Owl Eyes plays the role of an onlooker in The Great Gatsby, one who provides an outsider perspective. He first appears in the third chapter of the novel, when Nick finds him drunk in Gatsby's library. The description of Owl Eyes reveals his symbolism. Owls are wise, all-knowing creatures - his revelations are a clue for readers. The glasses reveal a clarity and echo the billboard's all-seeing eyes. His presence stands to share a truth.

The man is astonished to find Gatsby's books are not made of cardboard. In his reaction, he proclaims "What realism!" The comment highlights the artificiality of Gatsby's lifestyle; it's staged. Additionally, he tells Nick and Jordan that he went to the library because he has been drunk for a week and wanted to sober up. His desire to pull away from the debauchery and take refuge in fact mirrors Nick's ultimate desire to leave behind the partying and falsehoods of the Jazz Age's wealthy elite by the end of the novel.

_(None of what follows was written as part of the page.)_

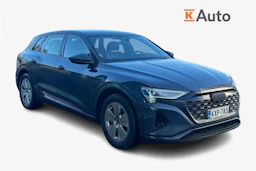 sininen Audi Q8 e-tron 2024 kuva 1.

Owl Eyes appears again at the end of the work, at Gatsby's funeral. Gatsby's funeral has few people in attendance, and this man's attendance and commentary reveals how few people understood Gatsby as a person. Owl eyes removes his glasses and wipes the raindrops from them; a symbolic reference his mental clarity. He then tells Nick that Gatsby is a "poor son-of-a-bitch," revealing that those who can see the whole picture of Gatsby's tale should be empathetic rather than judgmental - the same lesson Nick warrants at the beginning and closing of the novel.